Lange 130 Kilometer über Autobahn und Landstraße später geht das Licht des Tages fast zur Neige, als das Meer und damit unsere beiden letzten Etappenziele Kalifornien und Brasilien endlich in Sicht kommen. Die beiden Ortsteile am Rande der Ostsee trennen nur wenige hundert Meter und gehören zur Gemeinde Schönberg im Kreis Plön in Schleswig-Holstein. Die Legende erzählt, dass die Herkunft der beiden Ortsnamen der Aufschrift alter Schiffsplanken entstammt, die Fischer einst am Strand der Ostsee fanden.

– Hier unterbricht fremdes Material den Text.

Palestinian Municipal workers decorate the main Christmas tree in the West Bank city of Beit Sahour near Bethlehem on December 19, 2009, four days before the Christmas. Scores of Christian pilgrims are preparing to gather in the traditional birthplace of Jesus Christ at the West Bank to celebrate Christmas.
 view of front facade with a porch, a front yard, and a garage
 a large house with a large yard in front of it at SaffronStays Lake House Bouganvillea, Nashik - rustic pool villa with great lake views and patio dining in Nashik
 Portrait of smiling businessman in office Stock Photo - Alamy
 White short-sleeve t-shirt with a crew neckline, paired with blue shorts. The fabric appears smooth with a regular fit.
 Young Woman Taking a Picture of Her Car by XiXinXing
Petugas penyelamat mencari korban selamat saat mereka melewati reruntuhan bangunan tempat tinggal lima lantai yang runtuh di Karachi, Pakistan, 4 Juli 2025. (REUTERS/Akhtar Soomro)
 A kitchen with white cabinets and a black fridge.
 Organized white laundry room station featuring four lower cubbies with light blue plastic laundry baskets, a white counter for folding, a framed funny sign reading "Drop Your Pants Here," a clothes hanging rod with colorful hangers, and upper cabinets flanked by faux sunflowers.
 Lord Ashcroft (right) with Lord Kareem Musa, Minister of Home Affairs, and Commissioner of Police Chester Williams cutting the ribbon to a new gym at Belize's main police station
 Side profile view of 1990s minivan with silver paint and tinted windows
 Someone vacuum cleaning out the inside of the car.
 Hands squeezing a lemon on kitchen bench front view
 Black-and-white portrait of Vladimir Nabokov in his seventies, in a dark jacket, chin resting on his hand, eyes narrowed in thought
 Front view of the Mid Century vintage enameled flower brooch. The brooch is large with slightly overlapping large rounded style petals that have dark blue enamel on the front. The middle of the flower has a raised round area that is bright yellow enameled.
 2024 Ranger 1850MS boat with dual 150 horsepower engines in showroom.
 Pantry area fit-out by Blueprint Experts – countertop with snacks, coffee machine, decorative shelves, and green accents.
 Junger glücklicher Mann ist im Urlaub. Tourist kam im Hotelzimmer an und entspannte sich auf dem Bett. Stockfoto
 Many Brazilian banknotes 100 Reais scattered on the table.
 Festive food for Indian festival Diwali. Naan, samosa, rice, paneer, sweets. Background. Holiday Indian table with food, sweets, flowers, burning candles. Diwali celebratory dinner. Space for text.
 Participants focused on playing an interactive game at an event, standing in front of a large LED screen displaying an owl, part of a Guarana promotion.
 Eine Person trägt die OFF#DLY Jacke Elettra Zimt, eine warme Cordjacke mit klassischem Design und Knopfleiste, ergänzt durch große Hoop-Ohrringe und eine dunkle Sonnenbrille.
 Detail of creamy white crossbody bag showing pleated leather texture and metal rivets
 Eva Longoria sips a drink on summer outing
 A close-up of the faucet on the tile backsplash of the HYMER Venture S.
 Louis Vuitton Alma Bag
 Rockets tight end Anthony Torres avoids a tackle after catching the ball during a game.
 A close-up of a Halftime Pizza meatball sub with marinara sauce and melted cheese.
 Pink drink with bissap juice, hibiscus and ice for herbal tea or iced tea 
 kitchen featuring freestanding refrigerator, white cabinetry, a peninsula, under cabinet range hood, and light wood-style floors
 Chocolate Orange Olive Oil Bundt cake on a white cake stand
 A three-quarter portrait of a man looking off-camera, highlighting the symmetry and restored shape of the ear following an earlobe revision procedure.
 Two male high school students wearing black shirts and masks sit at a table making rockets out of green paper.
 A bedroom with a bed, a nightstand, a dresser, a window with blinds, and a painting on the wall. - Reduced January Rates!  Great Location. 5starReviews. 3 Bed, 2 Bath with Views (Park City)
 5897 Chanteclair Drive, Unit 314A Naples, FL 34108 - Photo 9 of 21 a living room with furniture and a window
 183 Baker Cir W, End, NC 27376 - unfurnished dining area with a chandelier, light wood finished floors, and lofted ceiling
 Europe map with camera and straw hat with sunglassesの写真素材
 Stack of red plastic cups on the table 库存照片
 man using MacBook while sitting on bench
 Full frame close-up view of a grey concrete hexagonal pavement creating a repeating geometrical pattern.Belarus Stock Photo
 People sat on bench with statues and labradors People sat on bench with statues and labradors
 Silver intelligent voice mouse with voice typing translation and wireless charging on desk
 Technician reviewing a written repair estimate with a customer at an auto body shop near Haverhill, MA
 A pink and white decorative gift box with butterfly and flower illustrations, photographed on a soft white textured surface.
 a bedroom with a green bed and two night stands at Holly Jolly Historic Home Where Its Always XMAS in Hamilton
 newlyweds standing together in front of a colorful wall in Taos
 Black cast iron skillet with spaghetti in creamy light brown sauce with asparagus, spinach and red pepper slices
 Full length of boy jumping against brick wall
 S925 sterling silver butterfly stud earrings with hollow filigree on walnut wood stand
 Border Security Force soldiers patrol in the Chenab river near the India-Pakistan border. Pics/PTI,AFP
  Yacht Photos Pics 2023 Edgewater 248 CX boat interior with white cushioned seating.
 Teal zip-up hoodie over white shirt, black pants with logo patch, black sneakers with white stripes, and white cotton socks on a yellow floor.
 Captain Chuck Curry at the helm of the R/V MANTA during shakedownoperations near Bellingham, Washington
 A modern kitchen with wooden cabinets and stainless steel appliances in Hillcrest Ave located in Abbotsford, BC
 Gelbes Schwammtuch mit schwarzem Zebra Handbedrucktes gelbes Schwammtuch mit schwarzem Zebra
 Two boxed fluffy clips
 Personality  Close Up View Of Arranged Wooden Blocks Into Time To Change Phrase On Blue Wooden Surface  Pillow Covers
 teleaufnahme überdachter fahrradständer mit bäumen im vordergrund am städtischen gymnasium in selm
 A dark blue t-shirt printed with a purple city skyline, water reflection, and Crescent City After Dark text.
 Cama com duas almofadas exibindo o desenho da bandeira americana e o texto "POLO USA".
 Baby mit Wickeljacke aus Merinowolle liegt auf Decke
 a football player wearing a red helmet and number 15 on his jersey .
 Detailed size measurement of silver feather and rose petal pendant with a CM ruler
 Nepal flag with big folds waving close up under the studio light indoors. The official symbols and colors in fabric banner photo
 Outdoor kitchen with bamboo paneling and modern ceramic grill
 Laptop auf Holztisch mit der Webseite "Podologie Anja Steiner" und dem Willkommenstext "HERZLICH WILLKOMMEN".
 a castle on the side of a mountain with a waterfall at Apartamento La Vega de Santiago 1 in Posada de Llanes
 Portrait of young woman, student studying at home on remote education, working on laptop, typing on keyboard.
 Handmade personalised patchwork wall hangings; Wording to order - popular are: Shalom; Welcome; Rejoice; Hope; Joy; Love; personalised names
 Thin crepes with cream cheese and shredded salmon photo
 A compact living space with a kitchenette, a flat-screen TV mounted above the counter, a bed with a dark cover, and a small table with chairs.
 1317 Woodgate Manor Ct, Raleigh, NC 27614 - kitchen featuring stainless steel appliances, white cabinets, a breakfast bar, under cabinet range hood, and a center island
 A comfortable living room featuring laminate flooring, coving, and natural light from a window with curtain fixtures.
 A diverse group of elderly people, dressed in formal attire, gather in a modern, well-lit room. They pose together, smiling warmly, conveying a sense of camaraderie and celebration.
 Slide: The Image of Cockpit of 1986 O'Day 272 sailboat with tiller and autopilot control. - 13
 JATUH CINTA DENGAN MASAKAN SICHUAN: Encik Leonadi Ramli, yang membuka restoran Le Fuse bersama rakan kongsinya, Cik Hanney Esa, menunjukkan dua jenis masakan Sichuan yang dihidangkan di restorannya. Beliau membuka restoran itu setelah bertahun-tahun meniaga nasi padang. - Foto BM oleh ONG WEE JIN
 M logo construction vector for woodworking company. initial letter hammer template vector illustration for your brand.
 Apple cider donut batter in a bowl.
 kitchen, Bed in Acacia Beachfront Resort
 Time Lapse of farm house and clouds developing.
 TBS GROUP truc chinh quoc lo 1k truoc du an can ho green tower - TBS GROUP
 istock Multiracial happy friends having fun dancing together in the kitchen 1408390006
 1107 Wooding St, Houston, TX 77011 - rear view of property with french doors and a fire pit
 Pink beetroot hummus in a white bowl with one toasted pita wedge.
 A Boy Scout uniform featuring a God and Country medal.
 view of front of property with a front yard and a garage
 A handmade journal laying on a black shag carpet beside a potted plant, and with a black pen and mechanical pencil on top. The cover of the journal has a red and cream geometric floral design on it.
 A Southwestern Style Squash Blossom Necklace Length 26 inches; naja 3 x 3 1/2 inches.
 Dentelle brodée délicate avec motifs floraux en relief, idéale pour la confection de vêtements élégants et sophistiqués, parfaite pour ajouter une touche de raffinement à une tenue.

Verbrauch steigt mit der Geschwindigkeit
Damit endet unsere kleine Weltreise mit dem Hyundai Ioniq 5, den wir als komfortablen und flüsterleisen Reisewagen kennenlernen und schätzen durften. Wie beim Verbrenner auch, entscheidet letztlich der rechte Fuß auf dem Fahrpedal, in welcher Größenordnung der Verbrauch in die Höhe steigt und eventuell zusätzliche Ladestopps notwendig sind. Verfügen Elektrofahrzeuge über einen sogenannten CCS-Schnellladeanschluss und optimalerweise über eine Batteriekühlung, empfehlen wir zum Nachladen Ultraschnellladesäulen mit hoher Ladeleistung. Grundsätzlich sollten Schnellladevorgänge aber die Ausnahme darstellen, da sie den Akku schädigen und dessen Kapazität in zunehmendem Maße verringern. Akkuschonend ist hingegen langsames Laden an einer Wallbox oder öffentlichen Ladestation.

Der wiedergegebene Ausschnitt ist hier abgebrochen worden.